Unrestricted cleavage, but no underboob and no nipples. That’s one of the big points in Twitch’s new community guidelines on nudity and attire, which have gotten yet another revision after previous rules were too vague to be useful. Now, Twitch is getting ridiculously, hilariously specific – and that’s probably for the best.
Streamers are not allowed to expose “genitals or buttocks”, Twitch says in the new rules, nor can they show the “visible outline of genitals, even when covered”. For even more extreme specificity, here you go: all streamers must “must cover the area extending from your hips to the bottom of your pelvis and buttocks”.
“For those who present as women” – I cannot believe Twitch did not learn the lesson of ‘female-presenting nipples – “we ask that you cover your nipples. We do not permit exposed underbust. Cleavage is unrestricted as long as these coverage requirements are met.” Relevant “coverage” must also be opaque – no see-through clothes to smoothly expose your junk, sorry.
There are specific exceptions to the rules here and there. IRL streamers won’t be on the hook if, say, a streaker runs by in the background, but they will be expected to take action to avoid that sort of thing. Swimsuits are fine if you’re on a beach, body-painting is fine as long as women have pasties and everyone has their butts and genitals covered. Also, you’re fine if you’re “actively breastfeeding a child on stream.”
Probably gonna want to avoid streaming any sex games, though.

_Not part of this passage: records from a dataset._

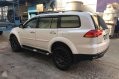 2010 Mitsubishi Montero Sport GLS for sale-2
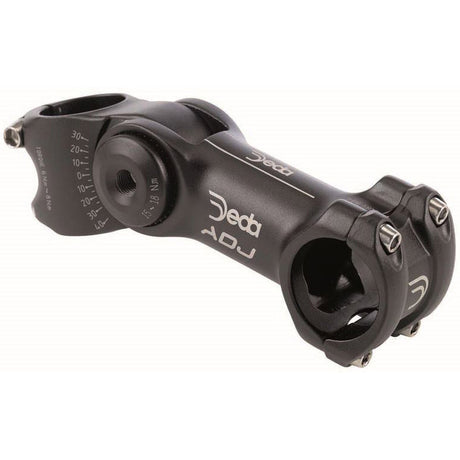 Deda deda nok adj 110 mm sort justerbar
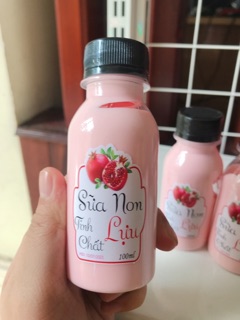 SN con bò cười thái lan 100ml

Previous versions of the rules were focused on context, with phrasing like attire “should be appropriate for a public street, mall, or restaurant”. That didn’t do much to either make the rules clear or dissuade some viewers from harassing women of perceived violations. Hopefully, the substantially more specific rules will help – and if nothing else, it’s given us delightfully ludicrous terms like ‘unrestricted cleavage’.